Study material Block Start

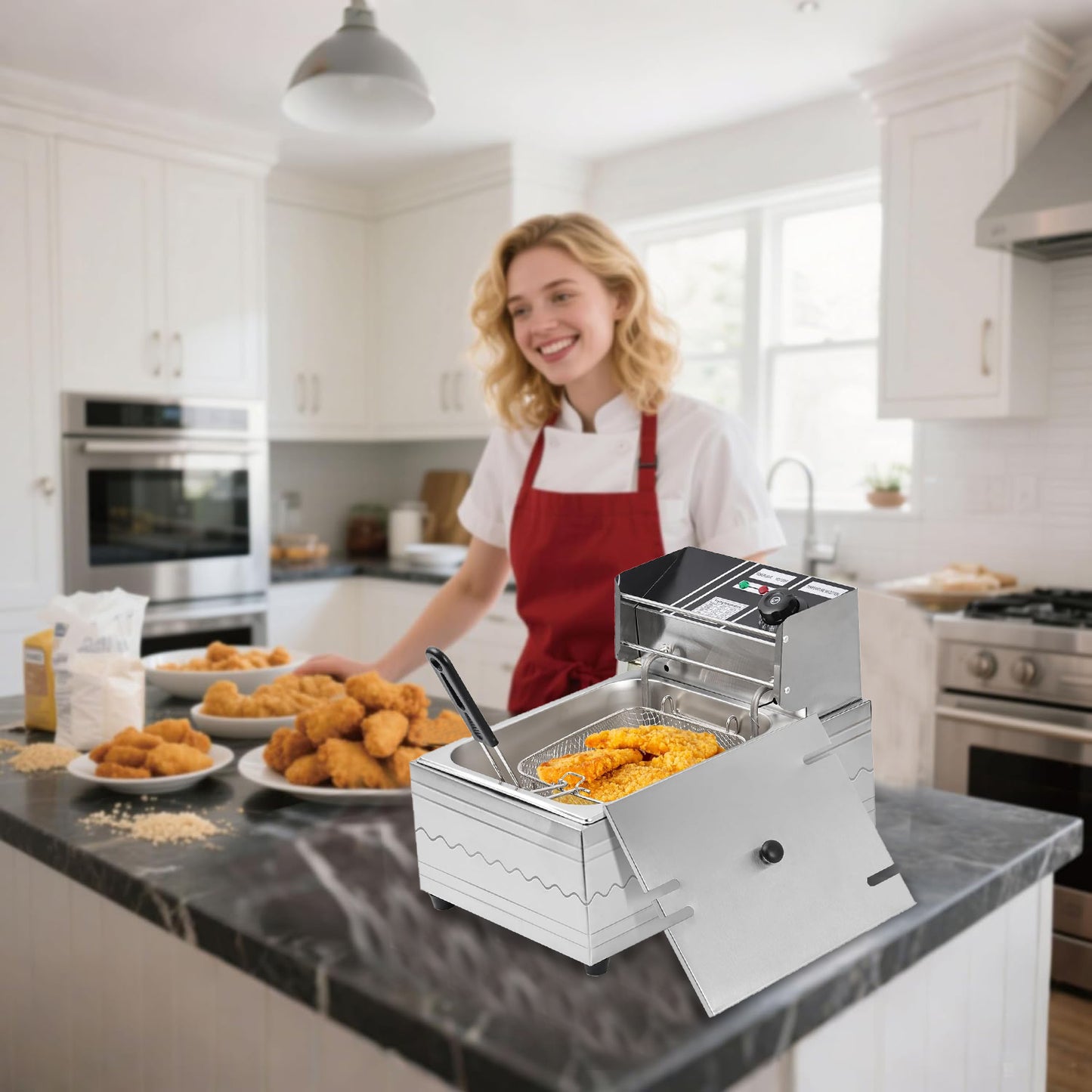 BN-LINK Deep Fryer with Basket, 2500W 6.34QT/6L Thickened Stainless Steel Countertop Electric Oil Fryer, with Adjustable Temperature & Timer
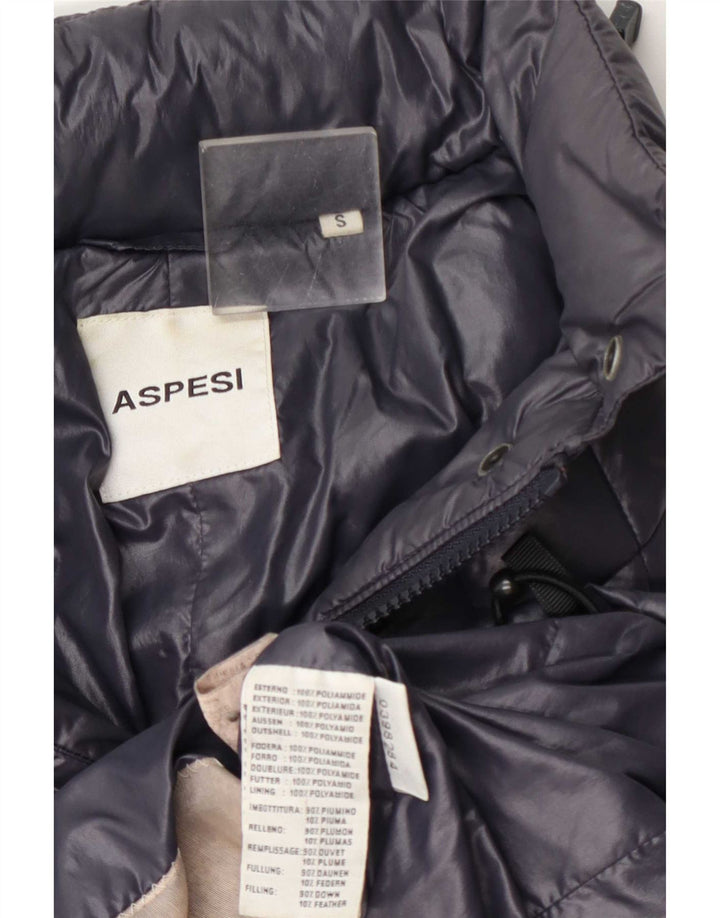 Aspesi Damen Steppjacke UK 10 Small Marineblau Polyamid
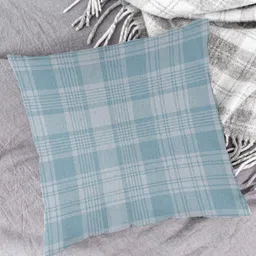 HOUZZCODE Turquoise Blue & White Set of 2 Checked Square Cushion Covers image 2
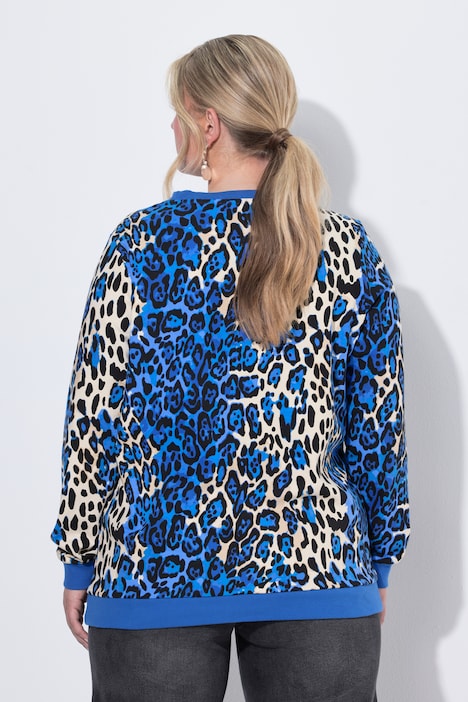 Sweatshirt, Komfort Fit, Leo-Muster, Farbeffekte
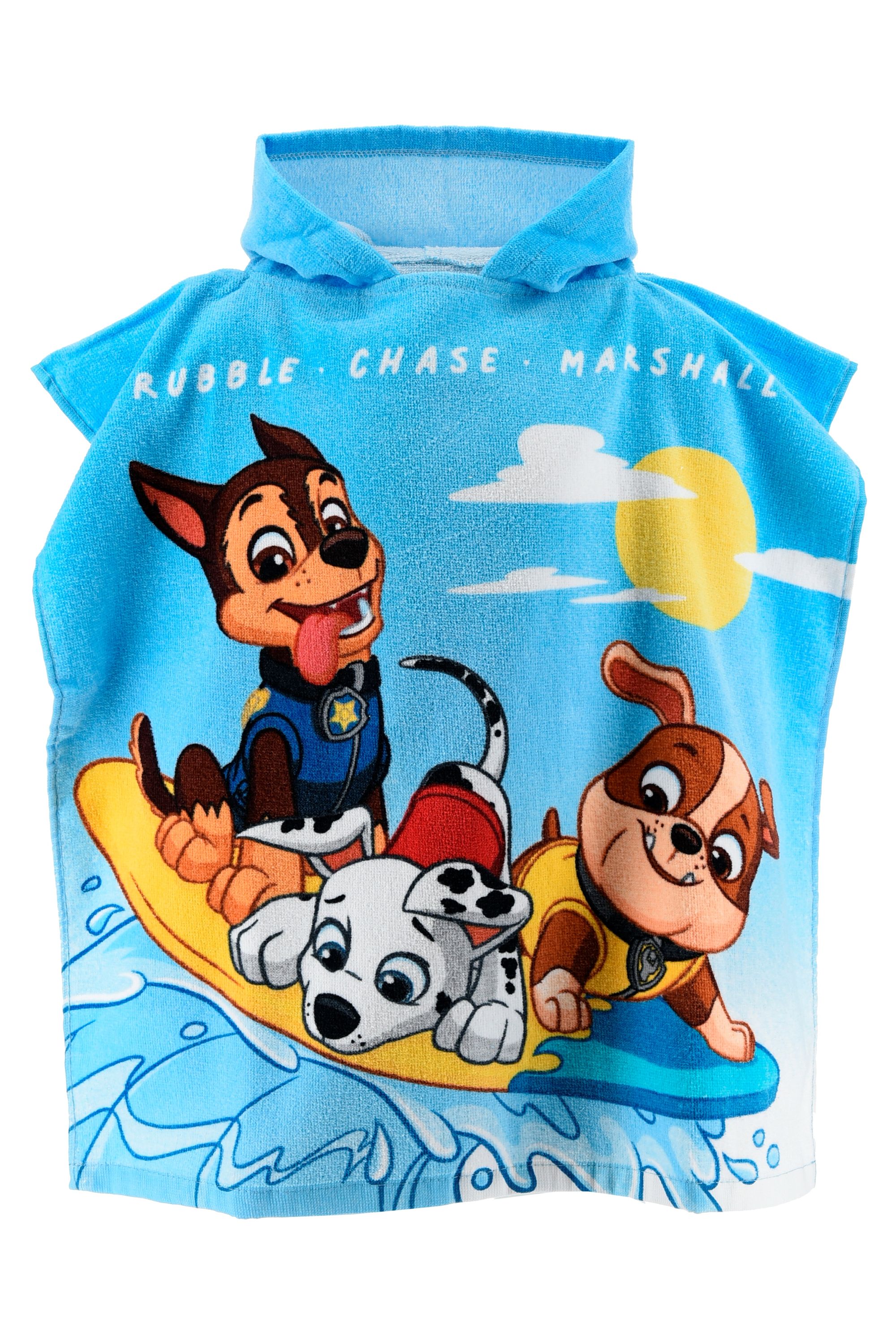 PAW PATROL Kinder Badeponcho mit Kapuze Jungen Blau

Study material Block End

_Exercise objective:_
What you hand back should match the entries above exactly, except that no picture appears.

_Output below:_
 BN-LINK Deep Fryer with Basket, 2500W 6.34QT/6L Thickened Stainless Steel Countertop Electric Oil Fryer, with Adjustable Temperature & Timer
 Aspesi Damen Steppjacke UK 10 Small Marineblau Polyamid
 HOUZZCODE Turquoise Blue & White Set of 2 Checked Square Cushion Covers image 2
 Sweatshirt, Komfort Fit, Leo-Muster, Farbeffekte
 PAW PATROL Kinder Badeponcho mit Kapuze Jungen Blau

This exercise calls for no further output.